# Wie fange ich ihn richtig???



## sabrinaS1984 (28. Juni 2015)

Hallo zusammen,

ich stehe mal wieder vor einem kleinem Problem. Da wir unseren Koiteich ja mit dem Haus gekauft haben und der Vorbesitzer uns mit den Worten "ab und an ein wenig Futter und den Filter reinigen" den Teich übergeben hat sind wir ja einfach so da rein geschlittert. 
Dieses Jahr funktioniert auch soweit alles besser als letztes Jahr (keine Fadenalgeninvasion mehr, Fische fressen mittlerweile aus der Hand...)

Jetzt stehe ich aber vor einem neuen Problem. Der größte Fisch in diesem Teich (ca.50cm) hat eine Schuppentascheninfektion. Ich habe schon mit einem Koidoc telefoniert, diese sagte mir ich soll dem Koi ein Salzbad machen.Da er wahrscheinlich nächste Woche noch keine Zeit hat vorbei zu schauen. Zur Linderung und Desinfektion alle 2 Tage.

Gestern haben wir dann 2 Std (in Ruhe, ohne Hektik mit Pausen) versucht Ihn zu fangen, was auch geklappt hat.
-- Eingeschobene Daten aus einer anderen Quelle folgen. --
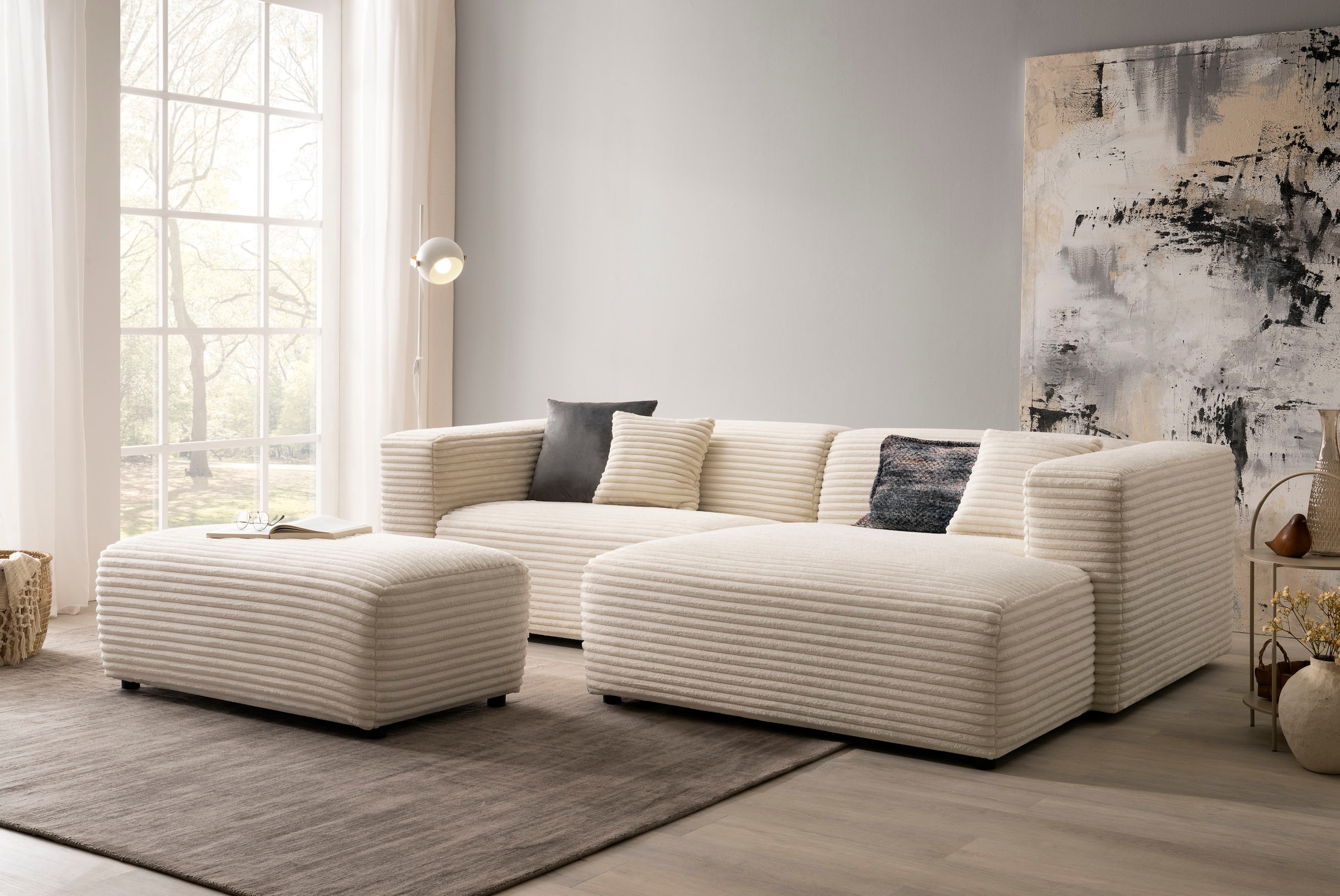 andas Polsterecke »BAKELS, Ecksofa-Set mit Hocker, L-Form mit Schlaffunktion«, Ecksofa-Set (incl. Hocker) im trendigen Megacord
Das Salzbad hat auch funktioniert.

Nur nach dem Einsetzen hat er mir nicht mehr vertraut. Jetzt soll ich Ihn ja morgen wieder in dieses Bad setzten. Ich weiß nur nicht wie ich Ihn wieder in meine Nähe bekomme. In der Mitte vom Teich ist ja eine Wasserplanze worunter er sich auch versteckt.

Wir haben das fangen mit 2 Keschern gemacht. Der kescher ist rund und hat einen durchmesser von 60cm. Das Netzt ist sehr flach, worin beim fangen das nächste Problem war, er hat so gezappelt das er fast wieder rausgefallen wäre.

Jetzt hab ich echt Angst das morgen wieder zu tun. Vielleicht könnt Ihr mir ja weiterhelfen wie das fangen schonender geht, wie Ihr das so handhabt?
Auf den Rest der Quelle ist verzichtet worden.